# Data Science Academy / Week 3 Homework
# Titus Teodorescu

## Part 1: Parse the JSON file to a pandas dataframe

In [4]:
# load packages
import numpy as np
import pandas as pd
import json
from datetime import datetime
# load json file
with open('../data_for_week3/homework/week3_homework.json') as f:
    txt = json.load(f)
# create df with eventSequence data
df = pd.DataFrame(txt['gameLog'][0]['eventSequence'])
# add a column for sessionID 
df['sessionID']=[int(txt['gameLog'][0]['sessionID'])] * len(txt['gameLog'][0]['eventSequence'])
# add a column for teamID 
df['teamID']=[txt['gameLog'][0]['teamID']] * len(txt['gameLog'][0]['eventSequence'])
# set the type of selected columns to str
df[['eventName', 'eventBy', 'eventTo', 'eventResult', 'eventLocation', 'teamID']] = df[['eventName', 'eventBy', 'eventTo', 'eventResult', 'eventLocation', 'teamID']].astype("string")
# set the type of selected columns to datetime
df[['eventStartTime', 'eventEndTime']] = df[['eventStartTime', 'eventEndTime']].apply(pd.to_datetime)

peak memory: 103.40 MiB, increment: 0.02 MiB


In [2]:
# show types of columns
df.dtypes

eventName                      string
eventStartTime    datetime64[ns, UTC]
eventEndTime      datetime64[ns, UTC]
eventBy                        string
eventTo                        string
eventResult                    string
eventLocation                  string
eventExtData                   object
sessionID                       int64
teamID                         string
dtype: object

In [3]:
# display the first 5 rows
df[:5]

Unnamed: 0,eventName,eventStartTime,eventEndTime,eventBy,eventTo,eventResult,eventLocation,eventExtData,sessionID,teamID
0,chat,2019-11-06 14:18:31+00:00,2019-11-06 14:18:31+00:00,jiangang,others,hi,slide1-step0,{},7369,hao_jiangang
1,question,2019-11-06 14:18:42+00:00,2019-11-06 14:18:42+00:00,jiangang,cbal-1-0,1,slide2-step0,{},7369,hao_jiangang
2,question,2019-11-06 14:18:42+00:00,2019-11-06 14:18:42+00:00,jiangang,cbal-1-1,dfsa,slide2-step0,{},7369,hao_jiangang
3,chat,2019-11-06 14:18:44+00:00,2019-11-06 14:18:44+00:00,jiangang,others,ok,slide2-step0,{},7369,hao_jiangang
4,chat,2019-11-06 14:18:46+00:00,2019-11-06 14:18:46+00:00,jiangang,others,how are you,slide2-step0,{},7369,hao_jiangang


## Part 2: Convert the XML file to a pandas dataframe and save it as a csv file.

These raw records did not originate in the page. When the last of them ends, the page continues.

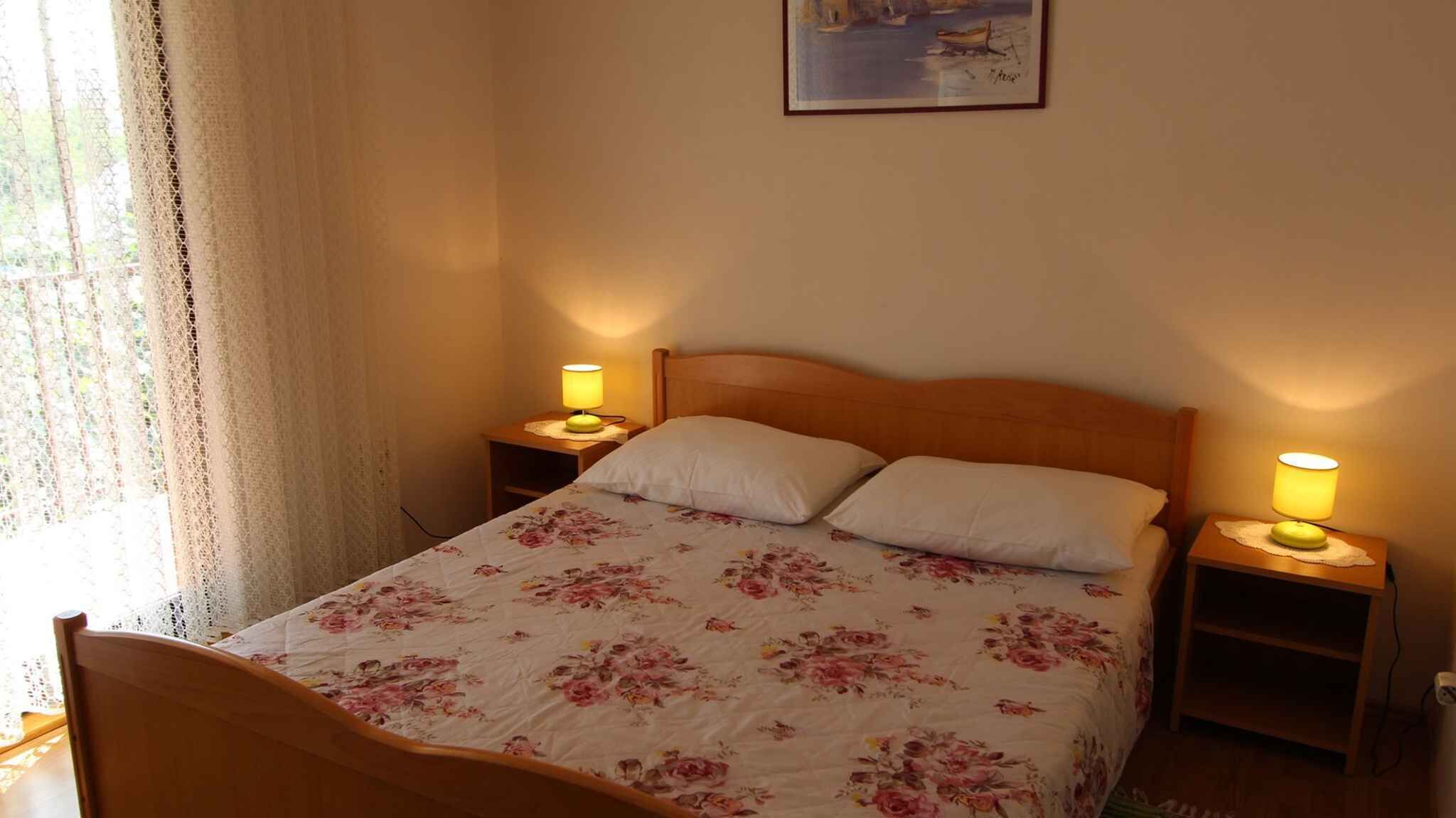 A bedroom with a wooden bed, floral bedding, two bedside lamps, and a painting on the wall.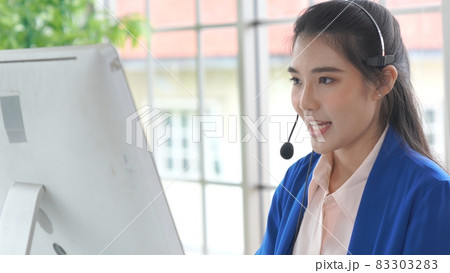 Businesswoman wearing headset working actively in office Businesswoman wearing headset working actively in office 83303283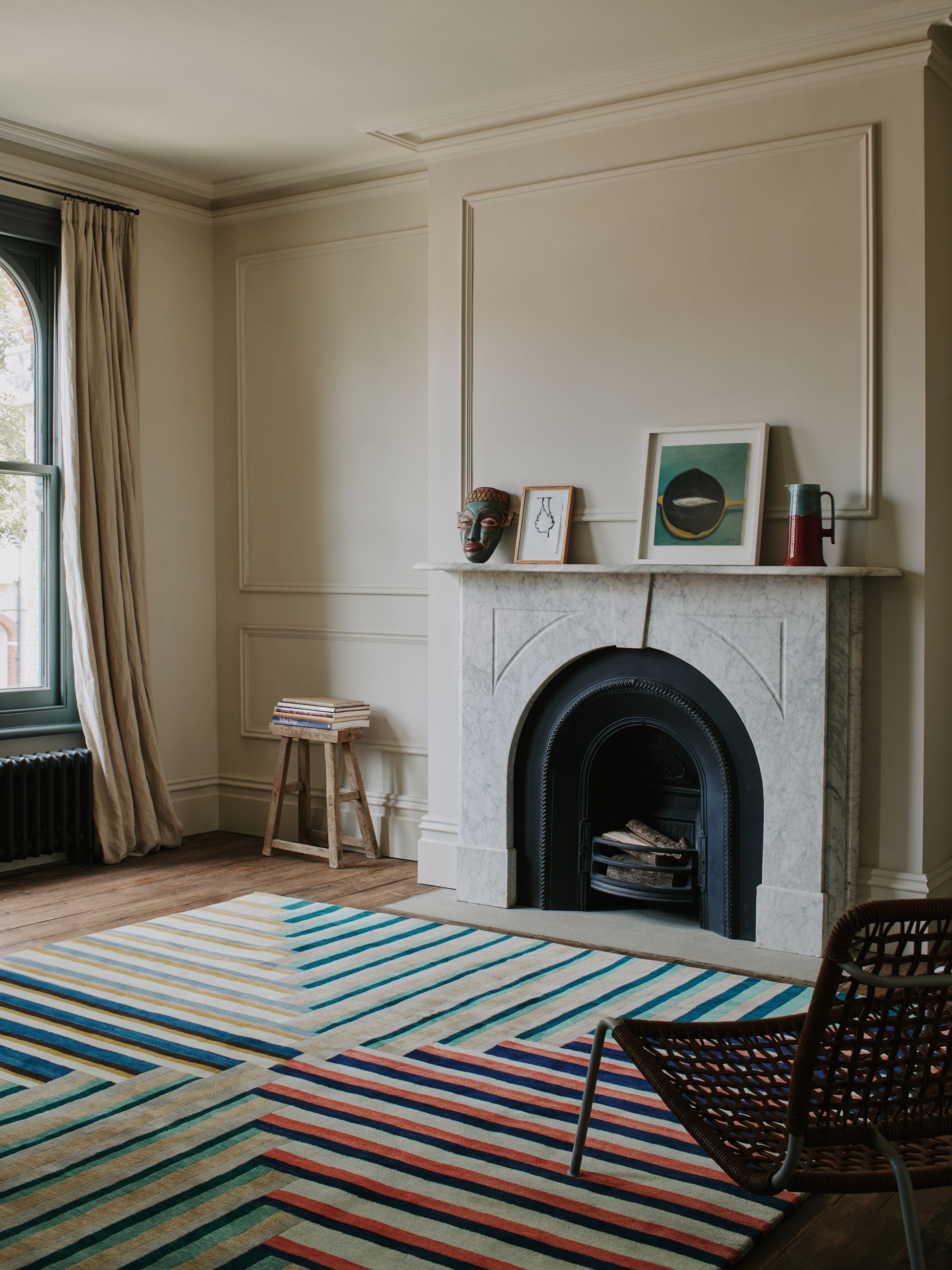 Living room with fireplace, neutral painted walls and geometric rug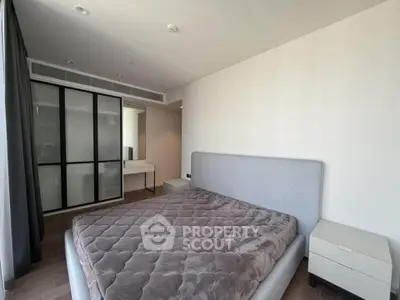 Modern bedroom with sleek design and ample natural light, featuring a stylish bed and built-in wardrobe.
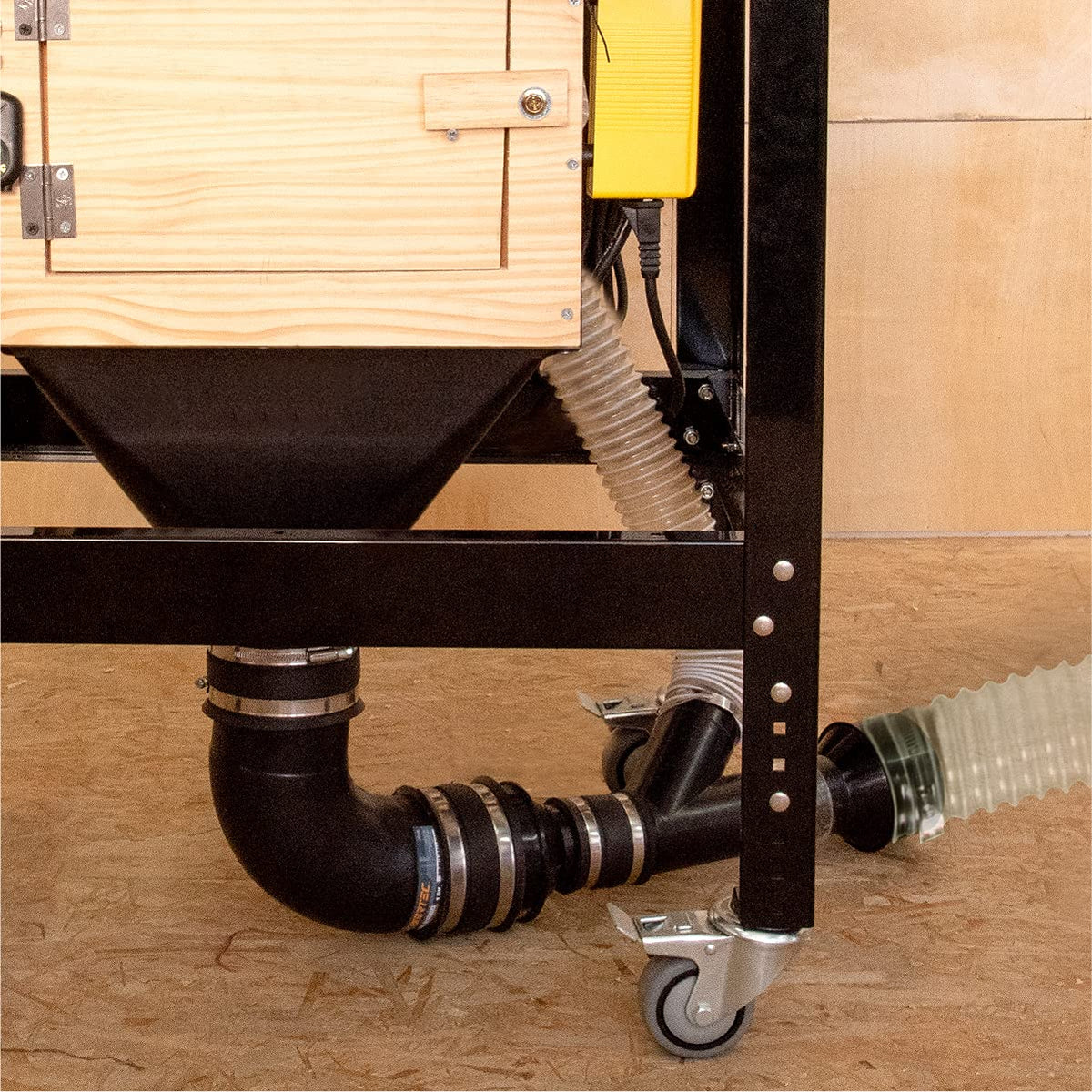 POWERTEC unit catches sawdust and debris from woodworking tools.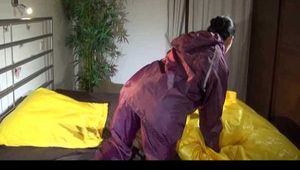 Lucy wearing a purple rain suit preparing her bed cloths for enjoying herself and the rain suit in bed lolling around (Video)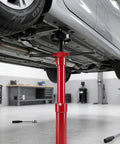 Heavy Duty Underhoist Support Stand With Dual Height Adjustments For Car Lifts And Garage Jobs Up To Three Quarter Ton Capacity supports a vehicle.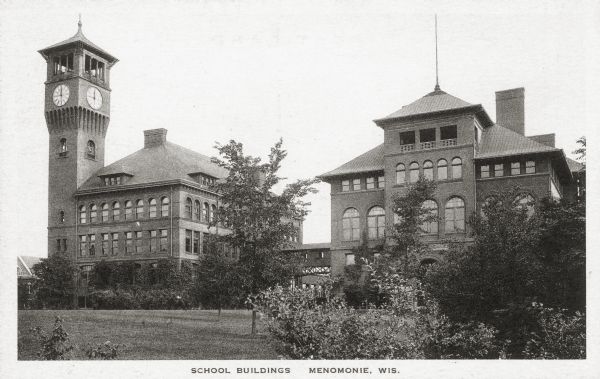 School buildings in Menomonie, later a part of the Stout State College. The building on the left has a clock tower. Caption reads: "School Buildings, Menomonie, Wis."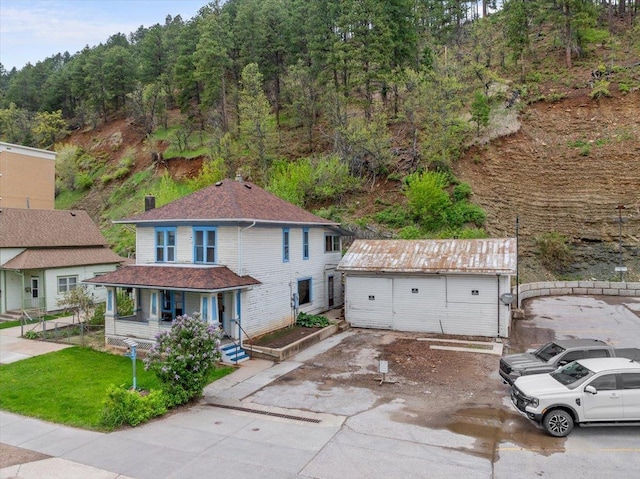 308 Main St, Deadwood, SD 57732 - view of front of house featuring a porch and an outbuilding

### Approach #1: using pandas read_xml call

In [66]:
# you need pandas 1.3.0 or higher in order to use read_xml
# I was not able to install pandas 1.3.0 in anaconda, but I installed it outside anaconda

with open('../data_for_week3/homework/week3_homework.xml') as f:
    txt = f.read()
# create df with eventSequence data
# you need pandas 1.3.0 to call read_xml; The line below will fail in anaconda if you don't have pandas 1.3.0 or higher installed
df = pd.read_xml(txt, xpath="//event")
df_2 = pd.read_xml(txt, xpath="/gameLog/session")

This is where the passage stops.